Gasgoo Munich - China's imported car market is displaying a stark mix of fire and ice in 2025.
On one hand, the overall market keeps shrinking, with full-year imports plunging 32% year-on-year—a deep freeze. On the other, with 183,800 terminal sales, Lexus not only reclaimed the top spot but also stood as the only mainstream imported luxury brand to post positive growth, marking three straight years of steady expansion.
Against a backdrop where the allure of imports is fading and domestic rivals are squeezing market share, Lexus’s performance stands out. It raises a fundamental question: Why is Lexus the only one navigating the downturn and thriving against the current?
The Import Market Looks Bleak
China's imported car market extended its downward slide in 2025, with the pace of contraction accelerating.
Sales data tells the story: from January to December 2025, cumulative imported car sales totaled 480,000 units—a 32% year-on-year drop that deepens the decline seen in 2024. Imports fell year-on-year every single month, with December hitting rock bottom at just 30,000 units, slumping 56% from a year earlier and 30% from November.
The market structure remains dominated by passenger vehicles and internal combustion engines. In 2025, imported passenger cars accounted for 99% of total imports, while commercial vehicles made up just 1%. Within passenger cars, sedans claimed a 47% share, four-wheel-drive SUVs took 29%, and other models comprised the remaining 24%.
Notably, the share of imported new-energy vehicles fell to 2%. Pure electric models saw a slight dip in sales, while plug-in hybrids nearly ground to a halt, leaving fuel-powered passenger vehicles as the undisputed mainstay of the import market.
Even more striking than the overall decline is the sharp divergence within the market. The ultra-luxury segment has been on a downward trajectory since 2023, accelerated in 2024, and remained severe throughout 2025.
This segment is highly volatile.

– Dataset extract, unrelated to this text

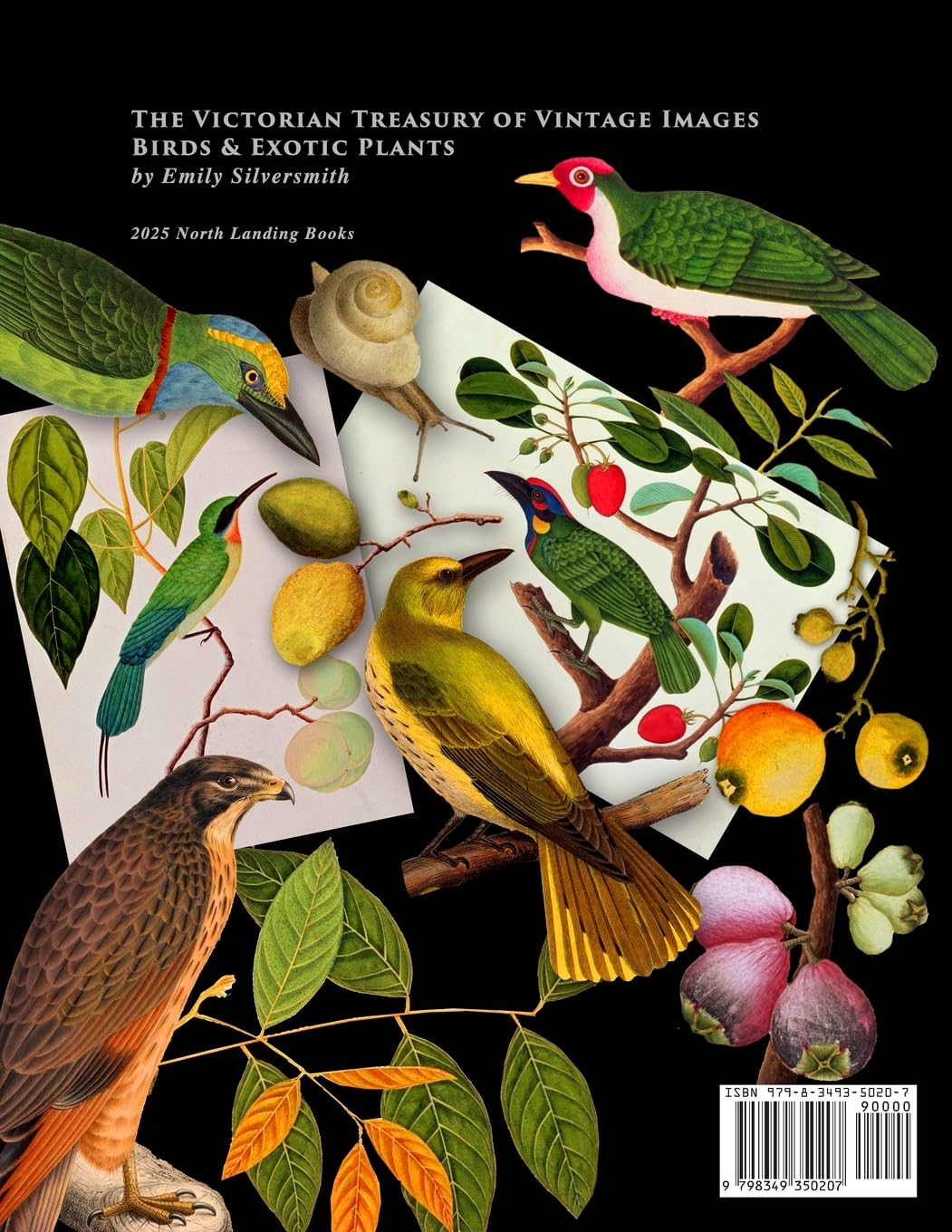 The Victorian Treasury of Vintage Images - Birds and Exotic Plants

Aside from a few brands like Rolls-Royce holding relatively firm, names like Ferrari are languishing, and Maserati’s sales are swinging wildly.
Mainstream luxury import brands—including Mercedes-Benz, BMW, and Porsche—are also under pressure, with their import volumes slipping steadily.

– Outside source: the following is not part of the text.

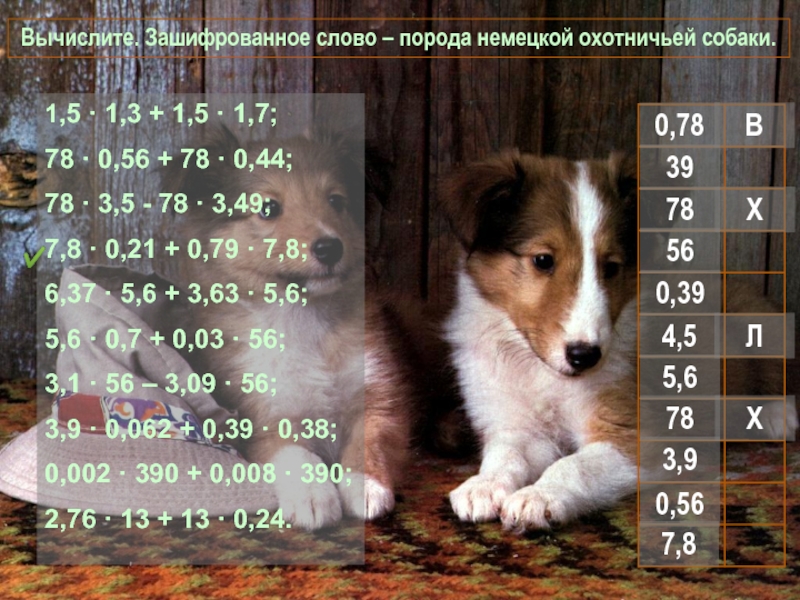 Игра по математике Вычислите. Зашифрованное слово Вычислите. Зашифрованное слово – порода немецкой охотничьей собаки. 1,5 · 1,3 Вычислите. Зашифрованное слово – порода немецкой охотничьей собаки. 1,5 · 1,3 + 1,5 · 1,7;78 · 0,56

In 2025, Mercedes-Benz’s imported sales dropped 37% to 94,800 units. BMW imported 64,400 vehicles, a 62% plunge. Porsche, Audi, and Volvo all posted double-digit declines.
The core reason lies in the waning competitiveness of their imported models. They are being squeezed by domestic luxury rivals while simultaneously accelerating their own localization strategies, narrowing the positioning of their import lineups.

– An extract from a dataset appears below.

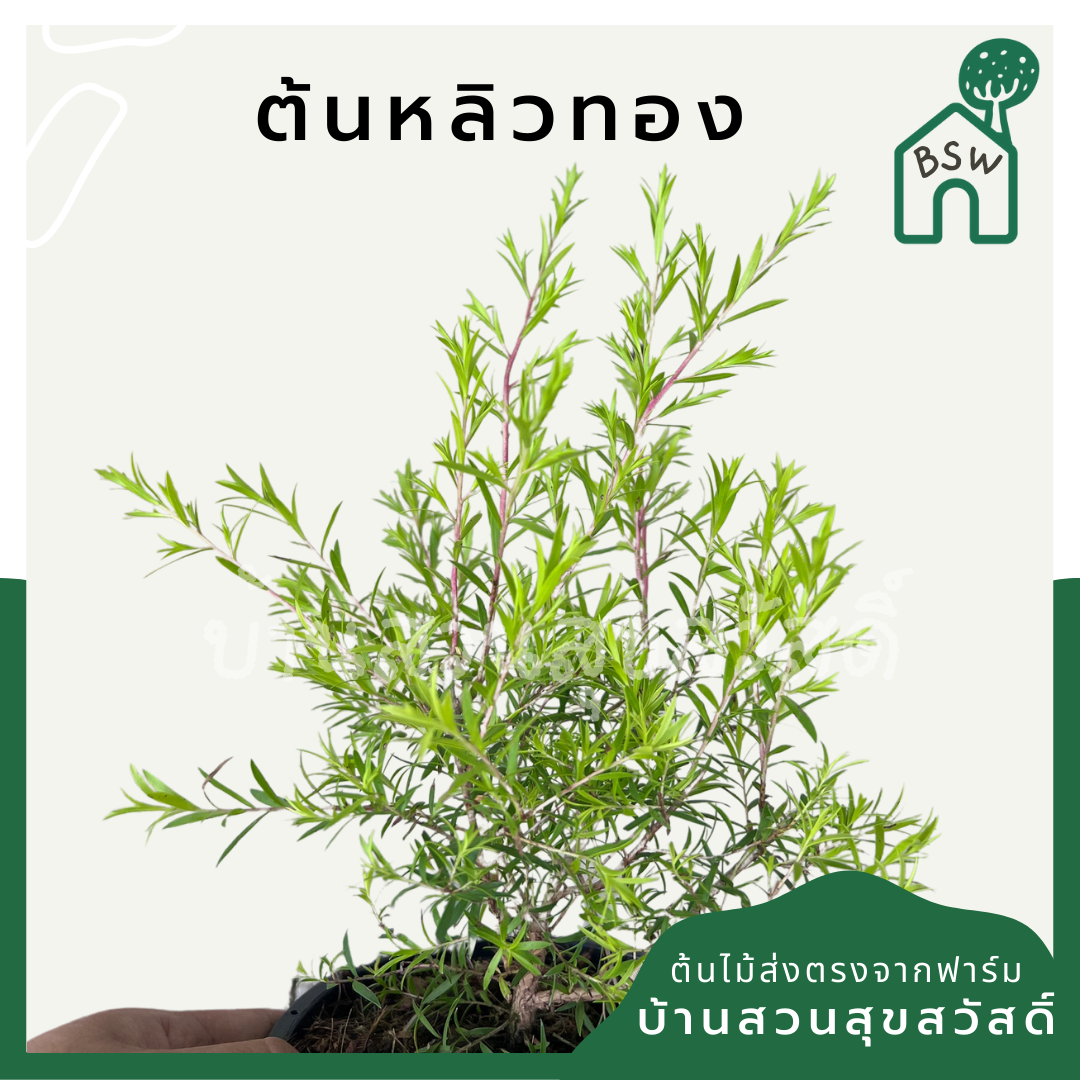 ต้นหลิวทอง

Amid the overall gloom, Lexus stands alone. With 183,800 terminal sales in 2025, it retained the import crown, remaining the only imported luxury brand to grow. Moreover, its sales have held steady at the 180,000-unit level for three consecutive years from 2022 to 2024.

Image source: Screenshot of Cui Dongshu's WeChat official account
As Cui Dongshu, secretary-general of the China Passenger Car Association, put it, Lexus managed to keep growing in 2025 despite the multi-year slump—and even surpassed its 2022 volume. It’s a miracle in the import market that has helped stabilize the overall sales landscape.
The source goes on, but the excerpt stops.